= Beginning of Section =

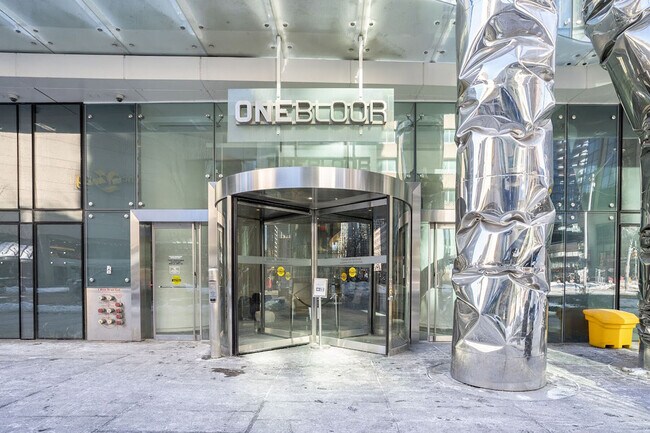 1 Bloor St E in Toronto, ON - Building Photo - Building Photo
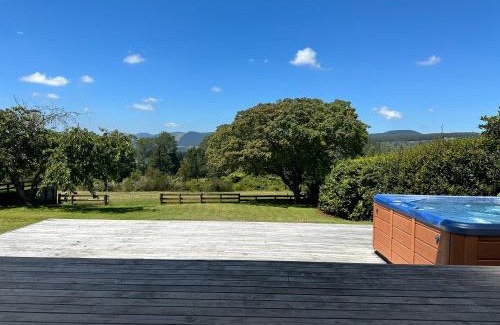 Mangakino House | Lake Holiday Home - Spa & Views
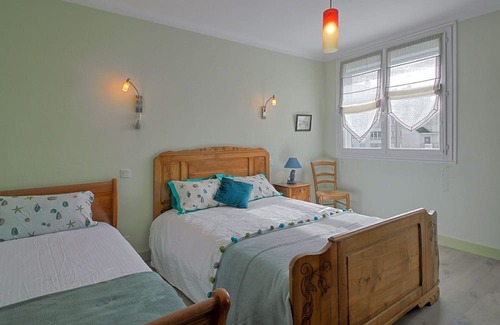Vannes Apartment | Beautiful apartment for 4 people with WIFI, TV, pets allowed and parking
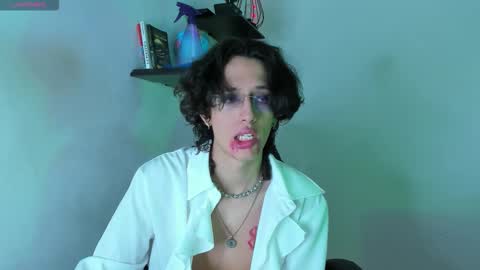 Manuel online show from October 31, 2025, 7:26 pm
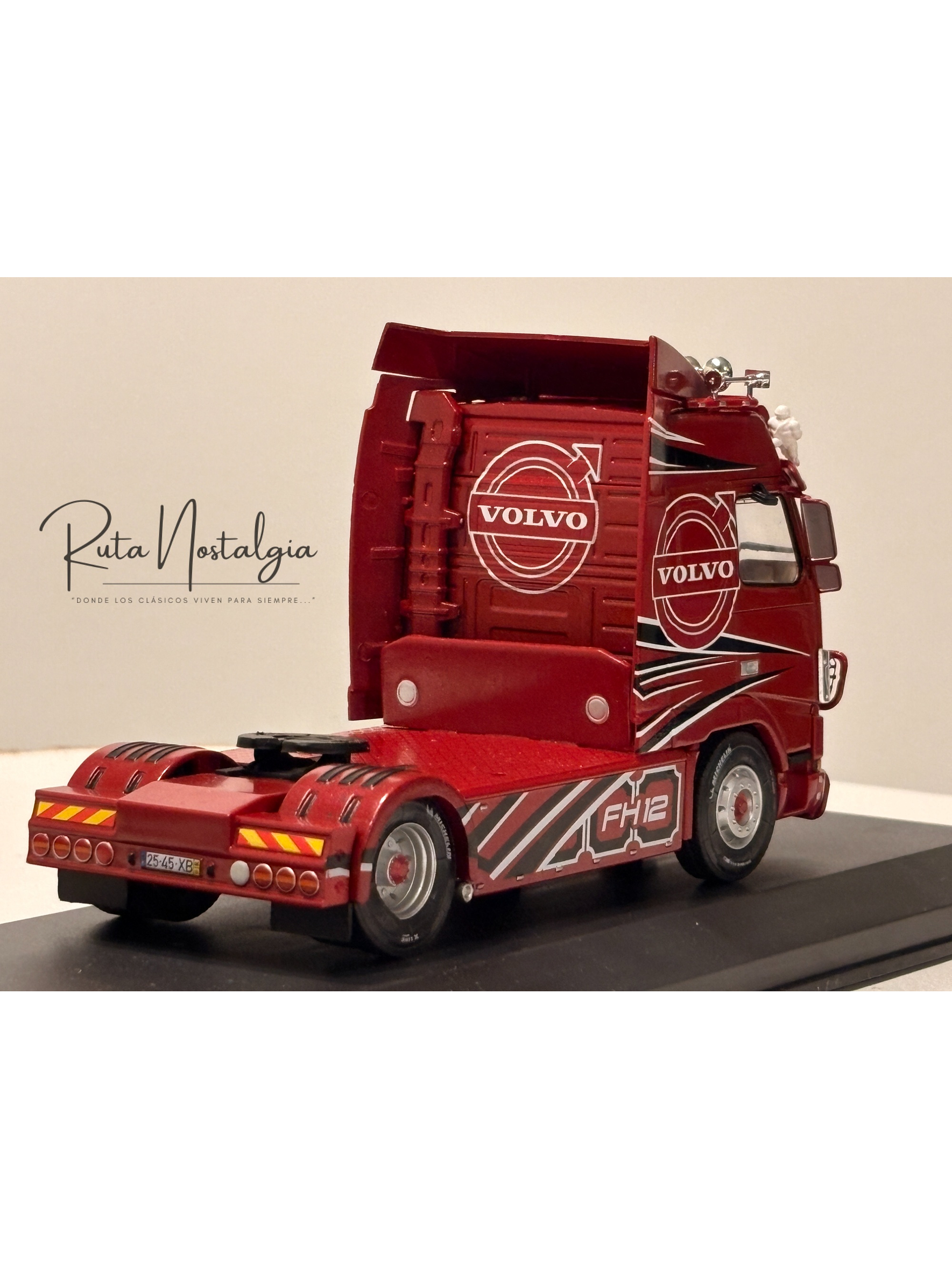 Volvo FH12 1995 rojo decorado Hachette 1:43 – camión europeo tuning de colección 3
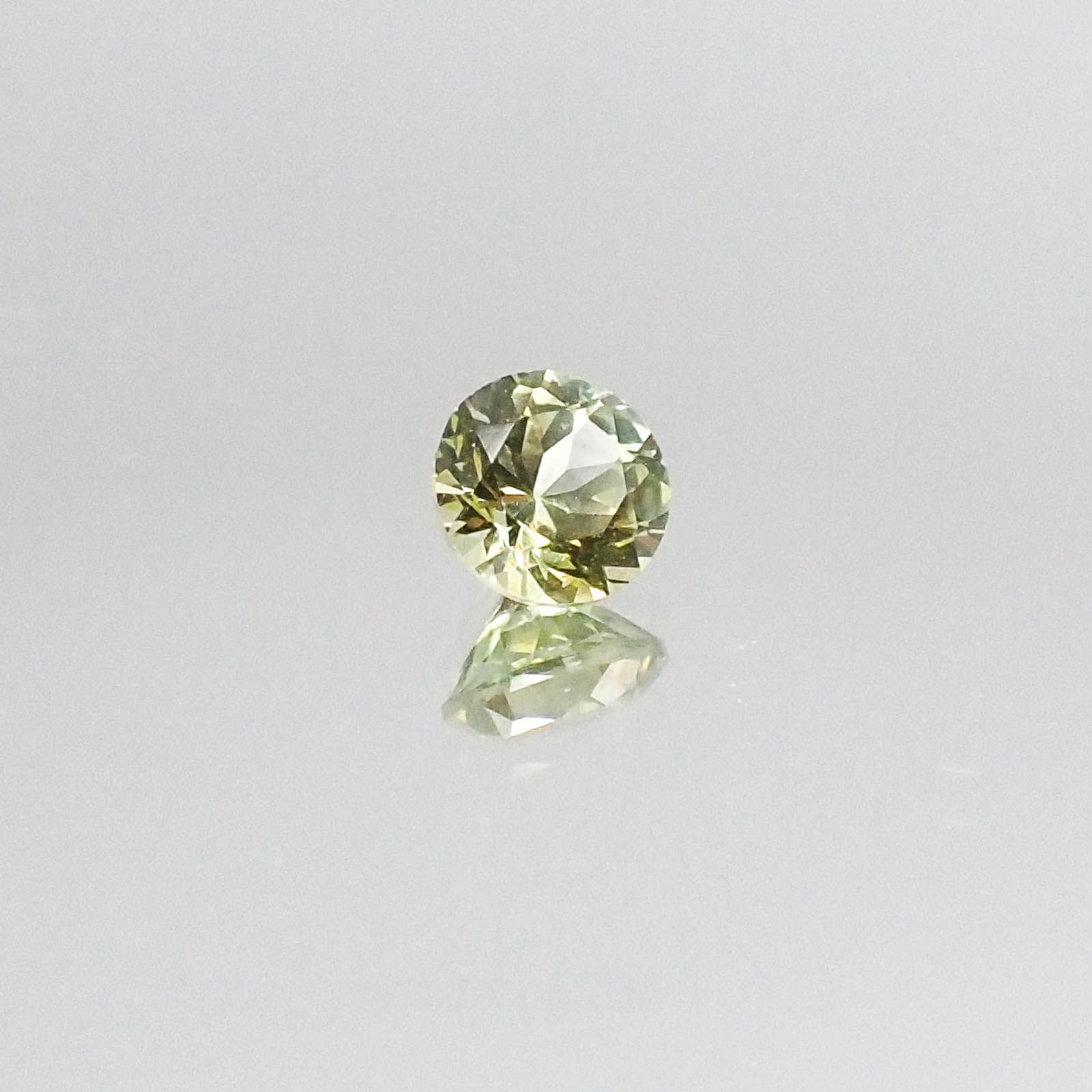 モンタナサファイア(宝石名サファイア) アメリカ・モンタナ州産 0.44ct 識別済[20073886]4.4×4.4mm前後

= End of Section =

_PROBLEM TO SOLVE_: Print the full listing exactly, dropping the pictures.

_RESULT_:
 1 Bloor St E in Toronto, ON - Building Photo - Building Photo
 Mangakino House | Lake Holiday Home - Spa & Views
Vannes Apartment | Beautiful apartment for 4 people with WIFI, TV, pets allowed and parking
 Manuel online show from October 31, 2025, 7:26 pm
 Volvo FH12 1995 rojo decorado Hachette 1:43 – camión europeo tuning de colección 3
 モンタナサファイア(宝石名サファイア) アメリカ・モンタナ州産 0.44ct 識別済[20073886]4.4×4.4mm前後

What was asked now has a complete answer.